Welcome to The Old Republic: a massively multiplayer BioWare RPG set in the Star Wars universe. That means space opera plot, tough choices, and in all probability a lot of arguing with your asshole friends. Rather than follow the MMO template of pop-up quest text with little more than an ‘Accept’ button by way of interaction, BioWare are giving you the kinds of major choices that have come to define their single-player games. The difference in The Old Republic is that you can take your friends with you and pause to chat about the big decisions before you make them.

But this is more than just a cinematic RPG with extra players. This is a game on a scale BioWare have never attempted before. They’ve previously made their stories feel epic by hinting that there’s more going on in the universe around you, but this is the game where there actually is.

“It’s just such a huge game,” says James Ohlen, creative director on the project. “It’s the biggest game I’ve ever worked on. I’m surprised at the enormity of it every other week... We’re creating more content than Mass Effect 2, Mass Effect 1, Dragon Age, and Knights of the Old Republic put together, and throw in Baldur’s Gate too.”

It’s so big that even a year from release it already has more recorded dialogue than the Mass Effect games combined. By the time it’s done, it’ll have more than the sum of all of BioWare’s 17 other games – James calls it “one of the most ambitious voiceover projects in the history of the videogame industry, perhaps of the entertainment industry itself.” It’s not so much the talking that’s exciting, though the cast list does include returning favourites from other BioWare games. It’s what that says about the sheer amount of stuff that will be available to do. Imagine a Knights of the Old Republic that lasted for as long as you cared to play it. Unless they screw it up, this will be BioWare’s magnum opus.

Above: And you can be a Sith

Yet it’s hard to see how such voice-acted, scripted, personal quests could fit with a massively multiplayer game. It’s tempting to imagine The Old Republic might be one of these pseudo-MMOs: Champions Online, for example, relies heavily on instances, creating multiple copies of busy zones that rarely contain more than 30 people at once. The Old Republic doesn’t work that way. “Our public areas are part of one contiguous world,” Ohlen says. “Not just our cities – 90% of the game, actually, will be a public area where you can run into other players.” He says the number of players per server will be comparable to World of Warcraft’s, some of which are home to 30,000 players at once.

“We really want this to be a classic massively multiplayer game, and have that feel. We are using instancing to tell some of our more complex stories, but it’s definitely not going to feel like a heavily instanced game. The very personal missions that revolve around who you are and your class – they’ll take place in instances. But missions that are group-oriented, that you can do with your friends, those’ll take place in public areas.”

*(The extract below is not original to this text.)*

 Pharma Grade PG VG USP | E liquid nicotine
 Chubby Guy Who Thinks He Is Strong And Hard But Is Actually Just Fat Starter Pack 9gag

Above: Dual-bladed lightsabers and force lightning? DO WANT

Neither type of quest will be like anything we’re used to in MMOs. Even the best-made of those know their little boxes of quest text aren’t engaging: World of Warcraft spelt them out line by line to force players not to skip them. Last year Blizzard’s own Jeff Kaplan announced at GDC: “Basically – and I’m speaking to the Blizzard guys in the back – we need to stop writing a f---ing book in our game, because nobody wants to read it.”

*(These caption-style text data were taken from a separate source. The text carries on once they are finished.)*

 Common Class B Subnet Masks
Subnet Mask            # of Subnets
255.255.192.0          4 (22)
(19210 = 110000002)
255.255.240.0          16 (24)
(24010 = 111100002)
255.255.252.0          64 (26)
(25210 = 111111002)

The Old Republic’s talky scenes will not only be voiced, but custom animated and cinematically directed like the best of BioWare’s single-player work. Their last game, Mass Effect 2, set a new standard in this both for BioWare and the industry at large. So it’s good to hear that one of the key people in developing the cinematic system on Mass Effect, Brad Prince, has since moved to The Old Republic team.